**Dataset content**
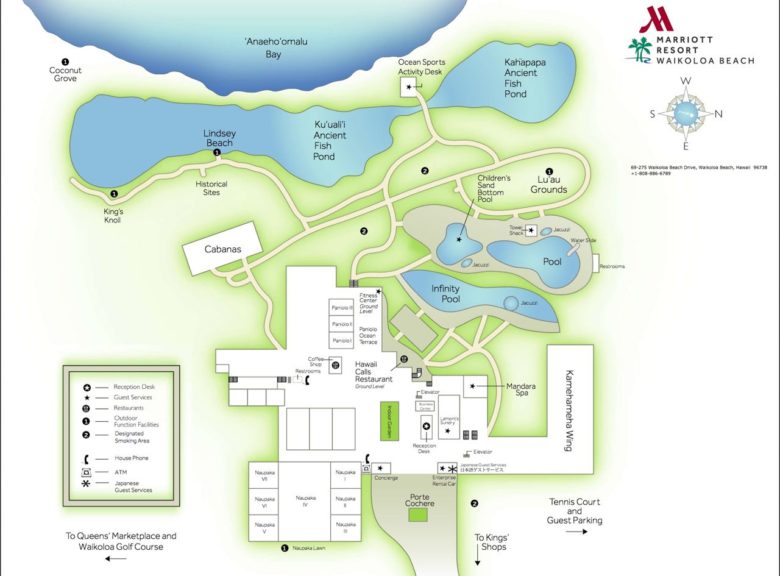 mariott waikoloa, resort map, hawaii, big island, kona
* * *
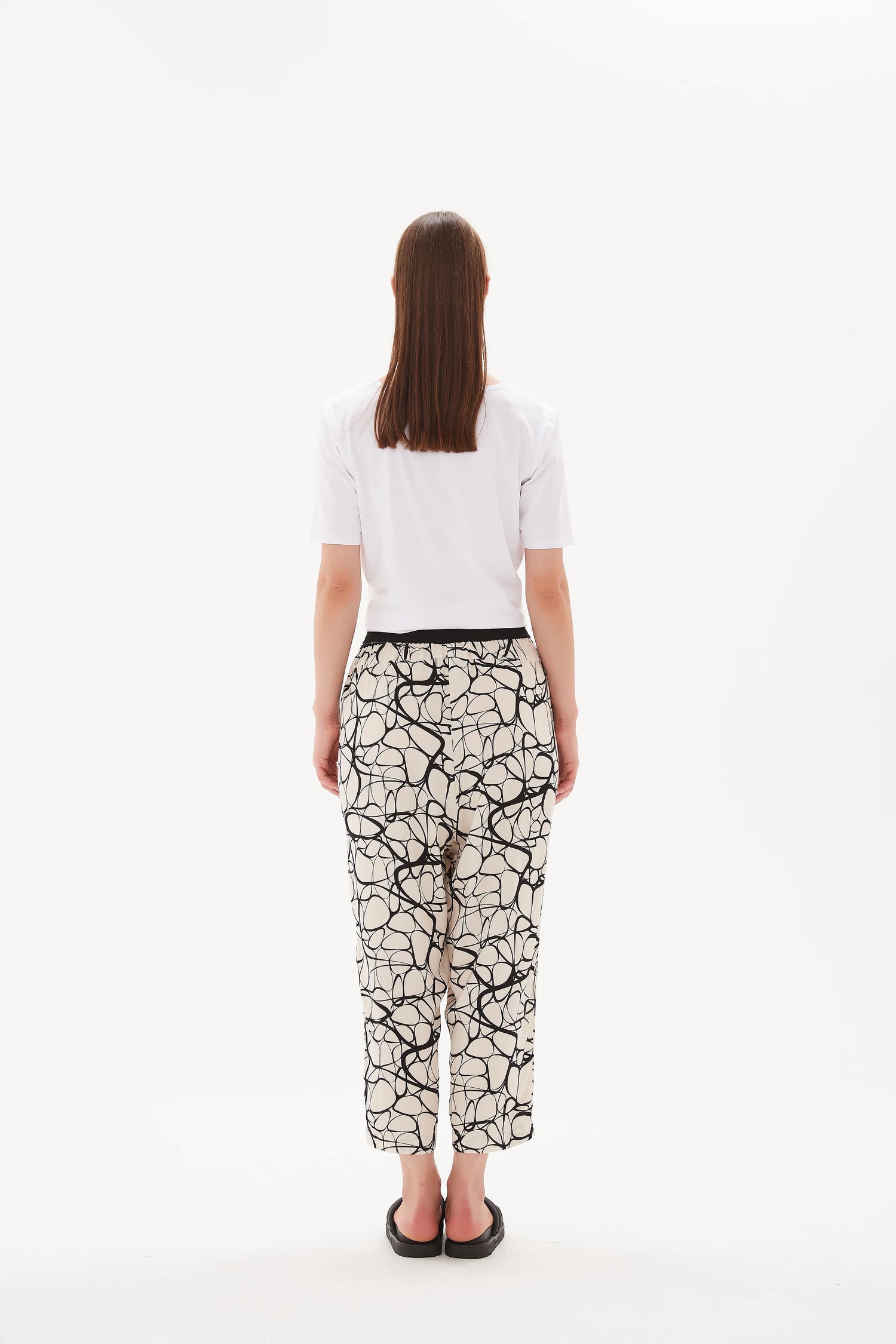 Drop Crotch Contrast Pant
---
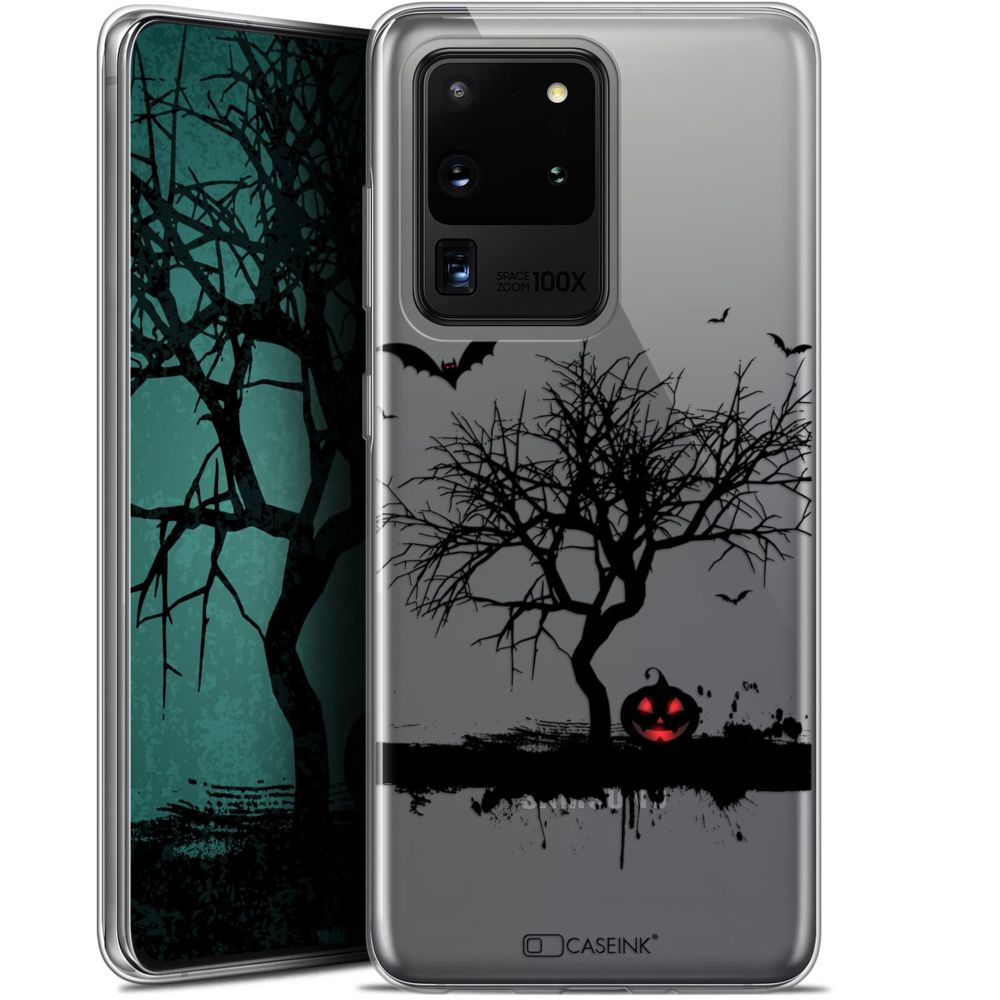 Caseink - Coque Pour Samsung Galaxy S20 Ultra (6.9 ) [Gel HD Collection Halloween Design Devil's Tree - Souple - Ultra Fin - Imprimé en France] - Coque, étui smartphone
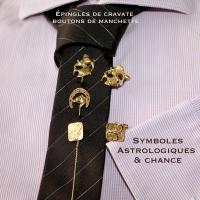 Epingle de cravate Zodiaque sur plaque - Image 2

**Task to carry out**
Output only the lines above from the one containing "Caseink - Coque" to the one containing "Epingle de cravate Zodiaque", both included, exactly as written and with no pictures.

**Answer to the problem**
 Caseink - Coque Pour Samsung Galaxy S20 Ultra (6.9 ) [Gel HD Collection Halloween Design Devil's Tree - Souple - Ultra Fin - Imprimé en France] - Coque, étui smartphone
 Epingle de cravate Zodiaque sur plaque - Image 2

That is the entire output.